Empuriabrava skydiving has changed management and the new owners do not approve of wild campers with no business at the skydiving centre (tho people were still staying there when we last went in Spring).
We were told the nearby open space under the trees was unsafe at night.
We ended up staying at the west end of the town behind the seafront ...and in October I guess it would be quiet there. Certainly we were not bothered at all there.
There is a campsite on the other side of the river here. I know of nothing closer to Roses town. ...which I found to be a VERY dog UNfrienfly town!!
GARCIA


----------



## amydan (Sep 8, 2009)

*Campsite Bay of Roses*

Thanks Tonka saw that site thought it was further away from town


----------



## tonka (Apr 24, 2006)

*Re: Campsite Bay of Roses*



amydan said:


> Thanks Tonka saw that site thought it was further away from town


From memory you can walk out and down a side st to the seafront and then walk up to town.. It cant be far as I would have remembered my wife moaning :lol:


----------



## bulawayolass (Jul 27, 2010)

:-( been bought by sheik that owns emirate airlines and skydive dubai l knew a lot of changes going on there...not for the better it seems


----------



## peedee (May 10, 2005)

If you check out Google Earth you will find plenty of camp sites in the Bay of Roses.
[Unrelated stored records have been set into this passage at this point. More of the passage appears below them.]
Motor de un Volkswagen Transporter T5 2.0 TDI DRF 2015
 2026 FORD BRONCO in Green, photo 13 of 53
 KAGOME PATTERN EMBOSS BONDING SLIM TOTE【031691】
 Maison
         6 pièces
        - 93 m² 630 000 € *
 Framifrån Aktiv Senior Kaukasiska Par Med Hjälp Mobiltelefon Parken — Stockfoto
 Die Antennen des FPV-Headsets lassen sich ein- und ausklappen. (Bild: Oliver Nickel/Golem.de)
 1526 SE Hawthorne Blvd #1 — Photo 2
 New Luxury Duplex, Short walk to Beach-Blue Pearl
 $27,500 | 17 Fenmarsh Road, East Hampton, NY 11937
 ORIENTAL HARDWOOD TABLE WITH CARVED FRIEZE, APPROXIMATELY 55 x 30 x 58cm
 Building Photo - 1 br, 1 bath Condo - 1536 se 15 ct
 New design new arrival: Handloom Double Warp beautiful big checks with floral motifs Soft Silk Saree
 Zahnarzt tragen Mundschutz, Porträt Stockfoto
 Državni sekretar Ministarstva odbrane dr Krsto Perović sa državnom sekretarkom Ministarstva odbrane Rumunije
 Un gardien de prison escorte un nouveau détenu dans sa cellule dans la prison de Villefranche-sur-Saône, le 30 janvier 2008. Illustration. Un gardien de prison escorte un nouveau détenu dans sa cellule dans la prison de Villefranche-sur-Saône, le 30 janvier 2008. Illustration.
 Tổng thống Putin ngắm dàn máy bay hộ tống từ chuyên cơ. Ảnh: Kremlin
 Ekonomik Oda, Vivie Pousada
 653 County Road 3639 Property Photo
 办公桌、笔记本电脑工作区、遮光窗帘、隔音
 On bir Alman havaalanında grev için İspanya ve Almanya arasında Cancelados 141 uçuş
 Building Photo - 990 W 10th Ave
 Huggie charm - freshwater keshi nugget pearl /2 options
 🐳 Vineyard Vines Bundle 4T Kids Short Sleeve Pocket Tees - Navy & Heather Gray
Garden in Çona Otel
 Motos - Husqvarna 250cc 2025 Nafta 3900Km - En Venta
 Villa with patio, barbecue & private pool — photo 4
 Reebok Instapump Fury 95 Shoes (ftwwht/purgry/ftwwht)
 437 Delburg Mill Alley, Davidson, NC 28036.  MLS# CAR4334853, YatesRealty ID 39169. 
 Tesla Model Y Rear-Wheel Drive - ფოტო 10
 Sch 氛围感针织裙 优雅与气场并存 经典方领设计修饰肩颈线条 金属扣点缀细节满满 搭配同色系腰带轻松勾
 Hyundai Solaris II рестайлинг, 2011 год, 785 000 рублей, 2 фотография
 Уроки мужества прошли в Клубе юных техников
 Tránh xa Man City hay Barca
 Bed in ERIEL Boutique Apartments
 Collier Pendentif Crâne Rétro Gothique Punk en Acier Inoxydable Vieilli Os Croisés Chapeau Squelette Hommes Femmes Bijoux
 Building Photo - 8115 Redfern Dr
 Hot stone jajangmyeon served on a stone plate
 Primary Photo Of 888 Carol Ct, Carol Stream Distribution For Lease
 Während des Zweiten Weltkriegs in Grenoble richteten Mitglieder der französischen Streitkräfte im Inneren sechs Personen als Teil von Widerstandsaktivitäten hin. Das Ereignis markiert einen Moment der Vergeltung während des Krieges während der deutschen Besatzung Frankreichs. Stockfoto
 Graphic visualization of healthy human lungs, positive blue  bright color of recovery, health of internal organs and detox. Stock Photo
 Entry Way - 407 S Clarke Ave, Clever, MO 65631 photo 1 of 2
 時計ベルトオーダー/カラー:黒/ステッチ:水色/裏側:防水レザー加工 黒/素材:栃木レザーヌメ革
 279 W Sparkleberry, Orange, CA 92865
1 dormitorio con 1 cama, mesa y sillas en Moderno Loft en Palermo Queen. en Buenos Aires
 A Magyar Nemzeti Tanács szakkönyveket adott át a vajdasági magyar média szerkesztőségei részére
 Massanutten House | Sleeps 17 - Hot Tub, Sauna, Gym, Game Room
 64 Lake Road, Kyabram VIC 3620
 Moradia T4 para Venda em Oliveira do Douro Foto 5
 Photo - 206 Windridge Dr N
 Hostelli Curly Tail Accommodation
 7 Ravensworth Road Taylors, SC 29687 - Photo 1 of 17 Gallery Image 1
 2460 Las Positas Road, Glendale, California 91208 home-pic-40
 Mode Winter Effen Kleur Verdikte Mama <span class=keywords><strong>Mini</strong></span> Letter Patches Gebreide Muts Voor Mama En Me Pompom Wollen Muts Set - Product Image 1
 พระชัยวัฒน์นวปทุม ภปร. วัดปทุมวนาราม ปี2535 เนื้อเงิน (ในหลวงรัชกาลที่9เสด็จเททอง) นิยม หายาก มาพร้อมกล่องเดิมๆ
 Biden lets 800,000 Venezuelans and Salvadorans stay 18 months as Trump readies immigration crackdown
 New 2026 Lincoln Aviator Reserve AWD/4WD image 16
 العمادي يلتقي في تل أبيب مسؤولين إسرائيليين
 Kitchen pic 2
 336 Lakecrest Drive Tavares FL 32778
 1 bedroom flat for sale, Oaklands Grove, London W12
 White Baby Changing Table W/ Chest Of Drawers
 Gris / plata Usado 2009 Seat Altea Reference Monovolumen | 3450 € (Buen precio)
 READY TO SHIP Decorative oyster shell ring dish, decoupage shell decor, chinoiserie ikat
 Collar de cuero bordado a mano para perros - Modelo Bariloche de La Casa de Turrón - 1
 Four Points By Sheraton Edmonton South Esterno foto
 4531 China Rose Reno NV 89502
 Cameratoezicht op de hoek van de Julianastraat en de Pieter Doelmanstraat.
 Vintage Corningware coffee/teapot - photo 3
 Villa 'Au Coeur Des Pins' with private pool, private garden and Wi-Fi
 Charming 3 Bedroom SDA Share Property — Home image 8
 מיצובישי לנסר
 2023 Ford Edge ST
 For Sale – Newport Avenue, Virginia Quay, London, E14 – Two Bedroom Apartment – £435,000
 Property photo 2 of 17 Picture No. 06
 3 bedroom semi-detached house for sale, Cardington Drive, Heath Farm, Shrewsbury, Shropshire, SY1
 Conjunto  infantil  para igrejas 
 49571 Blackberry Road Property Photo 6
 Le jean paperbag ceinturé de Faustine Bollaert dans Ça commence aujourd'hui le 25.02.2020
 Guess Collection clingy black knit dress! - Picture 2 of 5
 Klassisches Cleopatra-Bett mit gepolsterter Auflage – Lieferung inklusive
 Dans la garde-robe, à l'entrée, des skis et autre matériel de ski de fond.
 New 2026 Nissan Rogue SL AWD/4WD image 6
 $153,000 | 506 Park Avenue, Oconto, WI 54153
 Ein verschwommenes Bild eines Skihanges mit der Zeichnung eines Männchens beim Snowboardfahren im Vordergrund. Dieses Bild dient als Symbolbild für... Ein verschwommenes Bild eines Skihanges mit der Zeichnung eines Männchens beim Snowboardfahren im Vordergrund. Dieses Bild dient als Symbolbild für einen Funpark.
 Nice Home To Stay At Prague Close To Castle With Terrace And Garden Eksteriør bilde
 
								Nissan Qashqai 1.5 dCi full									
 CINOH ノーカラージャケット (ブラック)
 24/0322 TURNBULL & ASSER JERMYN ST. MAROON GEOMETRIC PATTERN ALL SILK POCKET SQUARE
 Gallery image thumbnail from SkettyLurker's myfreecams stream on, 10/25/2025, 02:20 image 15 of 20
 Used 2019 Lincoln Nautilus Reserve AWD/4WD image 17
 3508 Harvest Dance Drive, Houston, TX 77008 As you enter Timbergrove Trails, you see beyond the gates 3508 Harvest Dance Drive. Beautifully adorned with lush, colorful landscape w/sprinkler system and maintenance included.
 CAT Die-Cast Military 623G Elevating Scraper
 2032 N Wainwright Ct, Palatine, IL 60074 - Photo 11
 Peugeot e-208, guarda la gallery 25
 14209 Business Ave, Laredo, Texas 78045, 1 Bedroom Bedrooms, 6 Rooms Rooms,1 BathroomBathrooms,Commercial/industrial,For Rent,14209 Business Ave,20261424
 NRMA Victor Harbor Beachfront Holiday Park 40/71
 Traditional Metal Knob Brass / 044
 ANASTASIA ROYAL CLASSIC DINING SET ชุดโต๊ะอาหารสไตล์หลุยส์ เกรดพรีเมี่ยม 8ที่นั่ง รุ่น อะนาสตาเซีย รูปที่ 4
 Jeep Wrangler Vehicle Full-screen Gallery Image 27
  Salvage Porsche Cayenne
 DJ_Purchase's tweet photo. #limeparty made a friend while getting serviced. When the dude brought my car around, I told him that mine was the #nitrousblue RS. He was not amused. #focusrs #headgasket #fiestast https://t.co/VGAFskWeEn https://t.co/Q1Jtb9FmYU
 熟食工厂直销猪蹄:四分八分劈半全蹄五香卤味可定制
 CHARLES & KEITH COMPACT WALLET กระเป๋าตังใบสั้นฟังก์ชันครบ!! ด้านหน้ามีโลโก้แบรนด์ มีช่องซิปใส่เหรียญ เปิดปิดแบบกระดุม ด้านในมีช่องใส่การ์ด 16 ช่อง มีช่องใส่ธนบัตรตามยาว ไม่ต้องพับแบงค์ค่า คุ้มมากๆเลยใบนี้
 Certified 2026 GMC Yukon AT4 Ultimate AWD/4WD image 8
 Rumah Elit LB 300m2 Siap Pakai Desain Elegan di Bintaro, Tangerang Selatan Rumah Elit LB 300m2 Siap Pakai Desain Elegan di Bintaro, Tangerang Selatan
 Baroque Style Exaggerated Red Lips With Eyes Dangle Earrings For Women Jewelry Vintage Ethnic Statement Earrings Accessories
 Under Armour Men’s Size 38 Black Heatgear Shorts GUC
Not been to any of them so cannot myself recommend one but Las Dunas is very popular with many and considering trying it next year.

peedee


----------



## peedee (May 10, 2005)

If you check out Google Earth you will find plenty of camp sites in the Bay of Roses. Not been to any of them so cannot myself recommend one but Las Dunas is very popular with many and considering trying it next year.

peedee


----------



## torrhead (Oct 20, 2007)

*Camp site in Roses*

Hi Amydan, have been to Roses in June 2012, I was looking for a camp site called Rodas only to find it was a victim of the bad times and had closed, driving away from there I came across another site close by, within view, called " Salata" it was OK, the internal rds. were covered in sand which got in everywhere, no sign of the sea/beach from the site and at E30+ per night I thought was a bit expensive for low season, how ever it might suit your needs as it is within easy walking distance of the town centre. wifi was free in the bar area, fresh water was C 50 for 15 ltrs. This site is in the acsi book but there is no discount given for acsi members. I don't know of any other sites in Roses.


----------



## ChaseTracker (Aug 22, 2012)

Stayed for a couple of nights in January on a site about 20 min's walk along the seafront at Roses, site was called "Camping Joncar Mar".
The site is split into two by a road, the winter price was 14.60 euros. Not a great site but ok and only 200 yards from the beach. Hope this helps, have fun.


----------